Still, no one starved, and some meals were even quite popular. Spaghetti bolognese with soya mince (weighs nothing, never goes off) was a winner, so too the Smash fishcakes. Apple crumble and rice pudding for breakfast, Nutella-filled muffins and birthday cakes all met with delight. One popular lunch was sandwiches, the lumpen rolls, misshapen from abuse in a tilting oven, stuffed with jam or corned beef (or both). Exotic stopovers provided new ingredients, most more successful than the pickled vegetables from Qingdao and dried beans from Rio.

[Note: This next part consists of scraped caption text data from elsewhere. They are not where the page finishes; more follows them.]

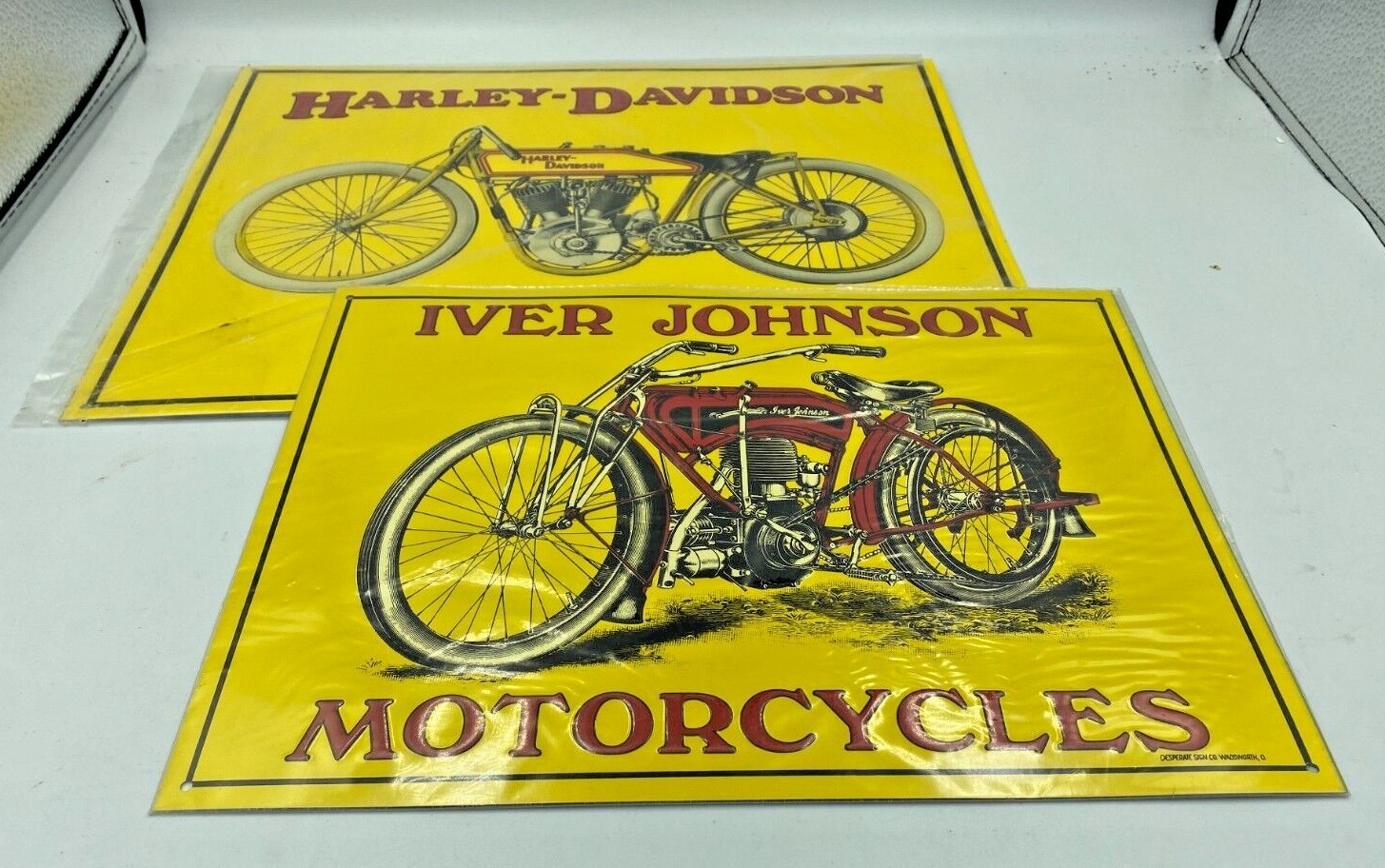 Vintage Harley Davidson  and Iver Johnson Motorcycles Metal Signs Harley Davidson, Iver Johnson
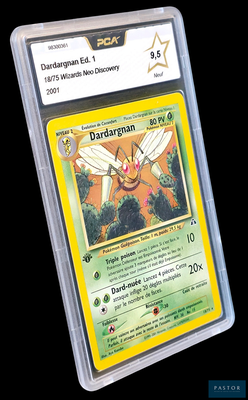 La carte Pokémon se trouve dans un étui en plastique transparent sur fond noir.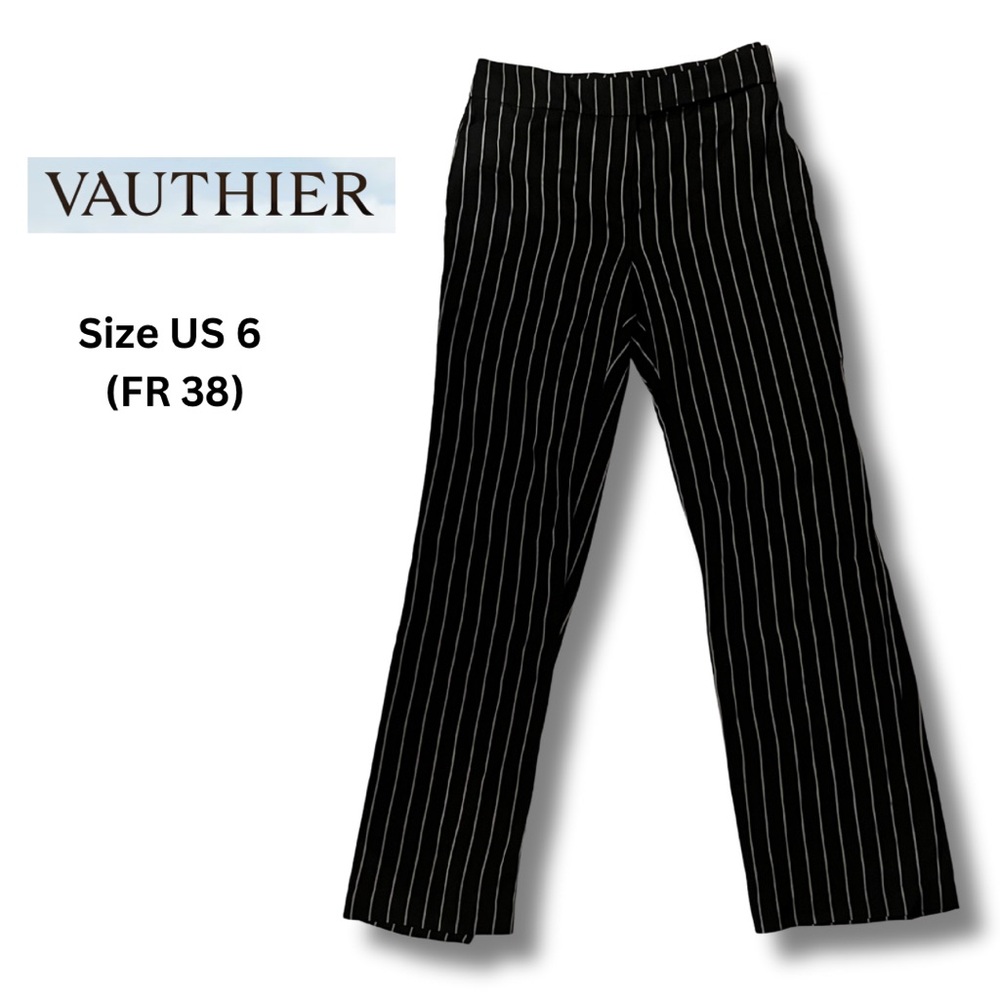 Alexandre Vauthier Wide Leg Pinstripe Designer Pants Trousers, size FR 38 (US 6)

Healthy competition kept the mothers trying to outdo each other, and invention was king: trifle in a tin mug, naan bread from scratch, 4 a.m. custard. If things went irrevocably wrong, there was always tomato, sweet chilli or bang bang sauce to cover it up. And if a crew sails on its stomach, we must have been the best-fed boat in the fleet, because, after seven legs and 35,000 miles, we won the race.
Seven months on, and Penny still can’t face the tinned vegetable aisle. clipperroundtheworld.com
Recipe: Pasta Marinara
A popular choice on board (consistently requested in the end-of-leg polls; people now make it at home), the benefits include economy (sardines are cheap all round the world), bulk (fill ’em up with pasta), and ease (open tins, boil).
Serves 20.
8 packs dried onion
One large bulb of garlic, chopped
2.5kg tinned tomatoes
100g tomato puree
10 tins sardines
4 tins black olives
Herbs, chilli flakes, black pepper
2kg pasta shapes
Boil water in largest pot. Add half pasta, boil for five minutes, cover and put aside for ten minutes. Open tins and store in sink to prevent spillage in high seas. Add tomatoes, puree, herbs, chilli flakes, onions and garlic to second-largest pot and cook down. Add olives (remove pits to avoid emergency dental work). Debone sardines, throw bones straight in sea to avoid smell causing seasickness below, add fish to sauce and heat through. Stir sauce through pasta to coat, and serve with more sauce on top. Cook rest of pasta for off-coming watch.